Tuesday, May 18, 2010

Day Ten: Flexion


Being able to flex the neck is an absolute prerequisite to the first ride.  A horse that braces against pressure on the face is not only difficult to ride, but leaves you with no control if something goes wrong.  Before I think about stepping on a horse, I need to know that I have the ability to turn them. 

Winding up

This is an exercise that is very easy to teach.  Most horses respond very well to this, learn it quickly, and seem to enjoy it.  When winding a horse up, we are asking the horse to tolerate a rope behind the hind legs, to flex his neck in response to pressure, and to move his feet accordingly.

Start by running the your lead rope from the halter, behind the horse (above the hocks), and back to you on the other side.  Putting pressure on the lead rope should cause your colt to flex his neck.  Walking backwards, you'll continue to put pressure on the rope, resulting in your colt yielding his hips.  If you continue walking, the front end should start to pivot around the hips, and the horse will finally walk forward towards you.

Start slow, working step by step.  Pretty soon, you'll find your colt will soften up and figure out this 'game'!

Lateral flexions

You can practice basic flexions you'll need when riding while you are still safely on the ground.  Stand back by the withers, you can put your hands in a position close to where they will be when you are mounted.  Practice flexing your horse's neck towards you from either side.  To increase the challenge, toss the rope over the horse's neck and flex the neck away from you.  Challenge yourself to see how soft and light you can get your colt.

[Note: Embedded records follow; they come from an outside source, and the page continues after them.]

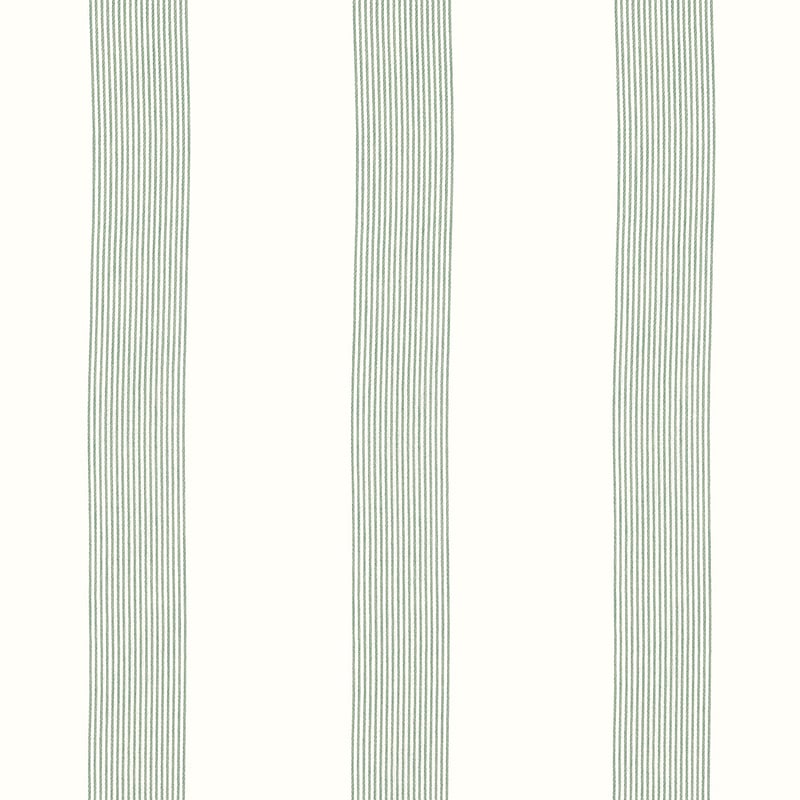 FWW81735 Thibaut Aloe Fabric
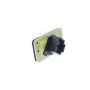 VEMO V25-79-0027 Regulator, interior blower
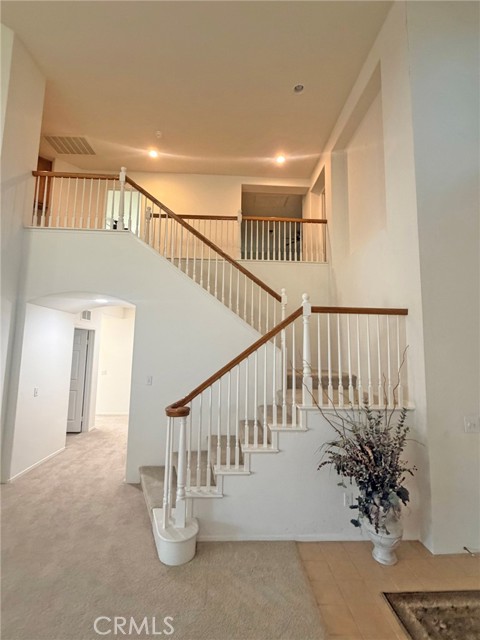 Detail Gallery Image 4 of 32 For 31935 Violet Dr, Winchester,  CA 92596 - 4 Beds | 3 Baths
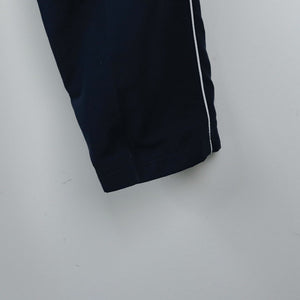 Tuta Salernitana Umbro 2007/2008 by UMBRO - Home (14)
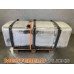 Scania Brandstoftank 700 liter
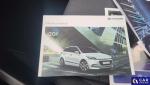 Hyundai i20 i20 1.2 Classic Aukcja 303481 - grafika 32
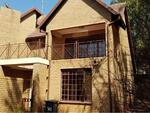 4 Bed Montana Park House To Rent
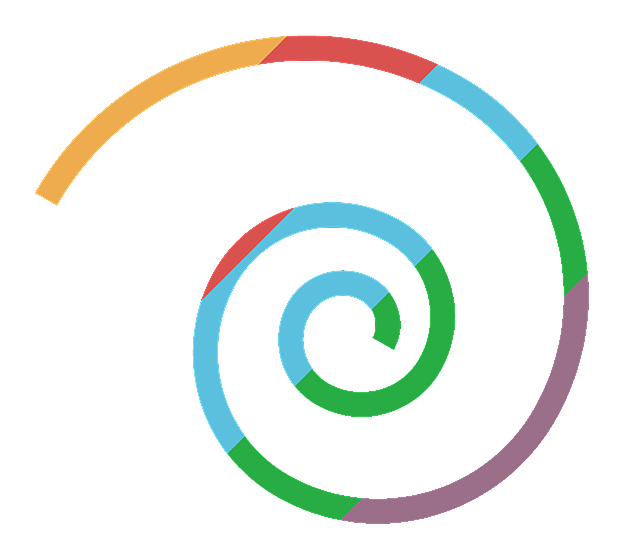DeveloperHub.io logo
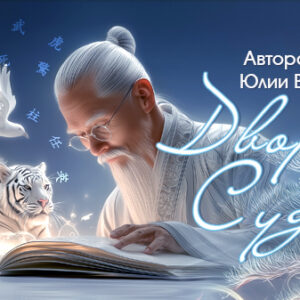 Дворцы Моей Судьбы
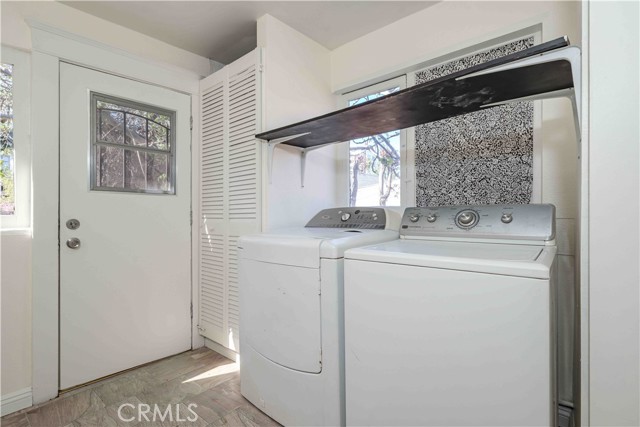 Detail Gallery Image 24 of 33 For 123 S Olive St, Anaheim,  CA 92805 - 4 Beds | 3 Baths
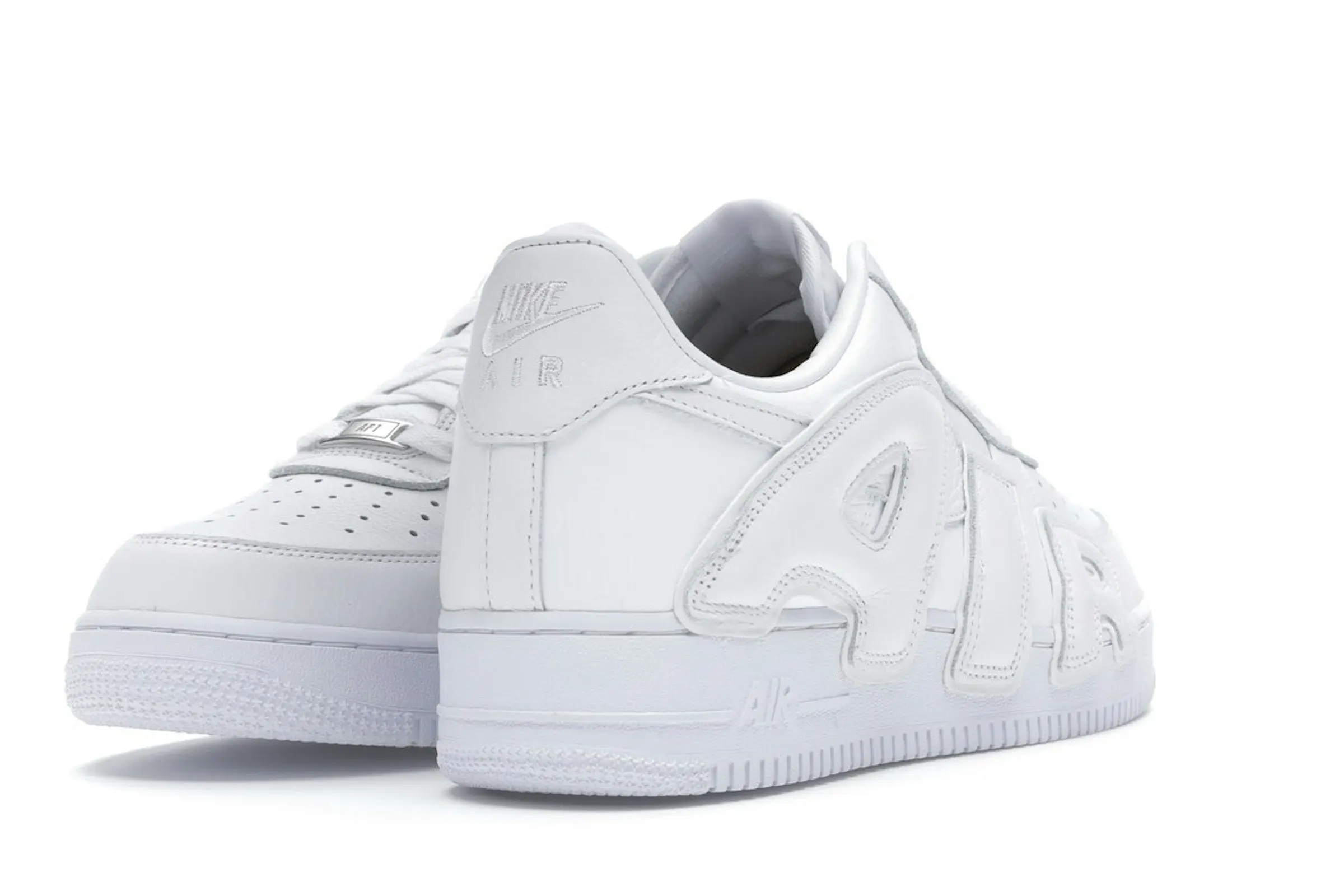 "CPFM-AIR" Sneaker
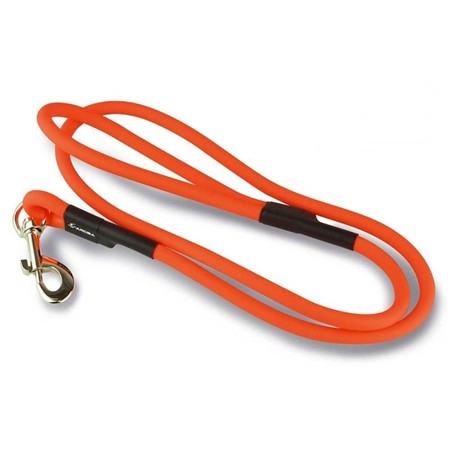 Laisse Ronde Polytec 120Cm X 10Mm
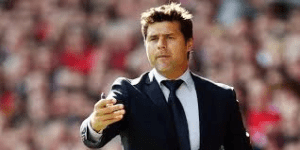 pochettino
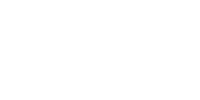 emg (2)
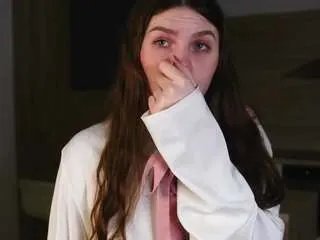 Offline virgilhurston on CamSoda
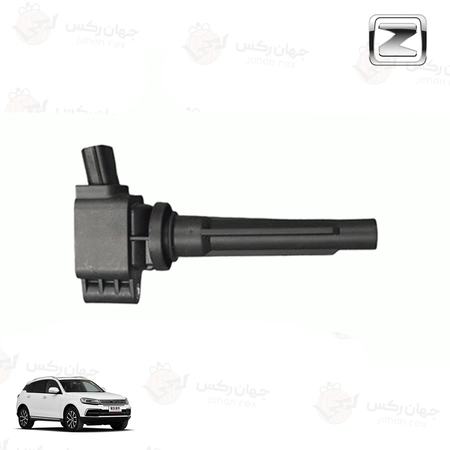 کویل-مناسب-کوپا-ریگان-آریو-(زوتی-T600) کویل مناسب کوپا ریگان آریو (زوتی T600)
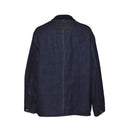 Jil Sander Coats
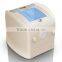 E1800 intelligent noodle maker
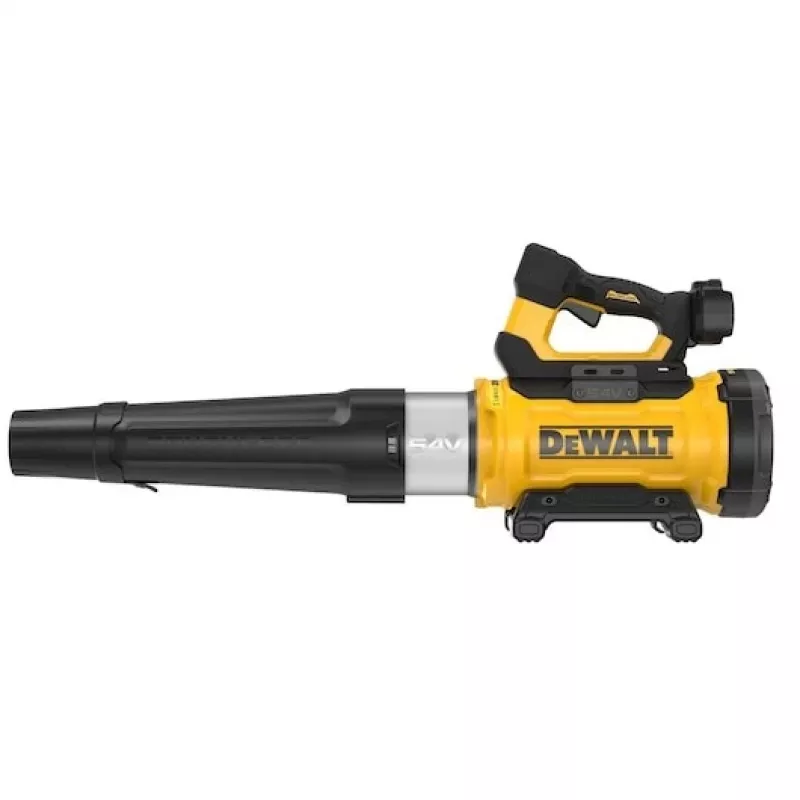 Dewalt 54V FV DCMBL777N Pūtējs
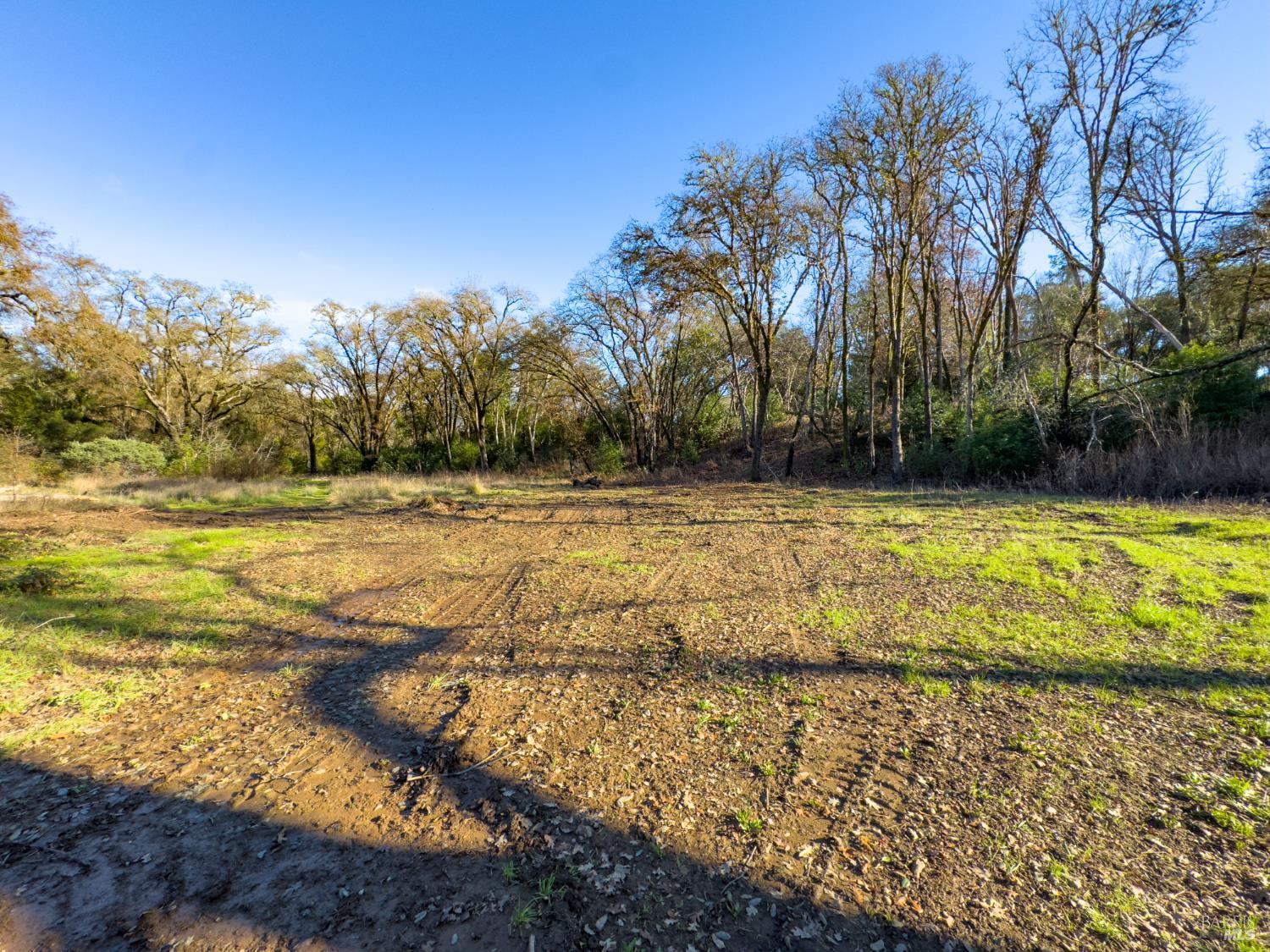 10379 West Road Redwood Valley, CA 95470 - Photo 12 of 14 a view of a swimming pool and an outdoor space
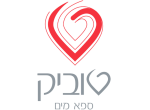 דרושים בטוביק טיפולי מים  בע"מ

Please use caution and common sense.  Horses are large animals, with an exceptional amount of power and strength.  They are also concerned above all with their own personal safety, and will do whatever they feel it takes to keep themselves from harm.  Being individuals that act and react differently, the only certainty you have when working a horse is uncertainty.  I am a professional trainer with twenty plus years experience, yet even with the knowledge I possess, I still get hurt from time to time.  This blog and the accompanying media are for entertainment purposes only.  No responsibility will be assumed for injuries or damages incurred while trying to use these methods at home.  Please ride responsibly; protective gear can save your life!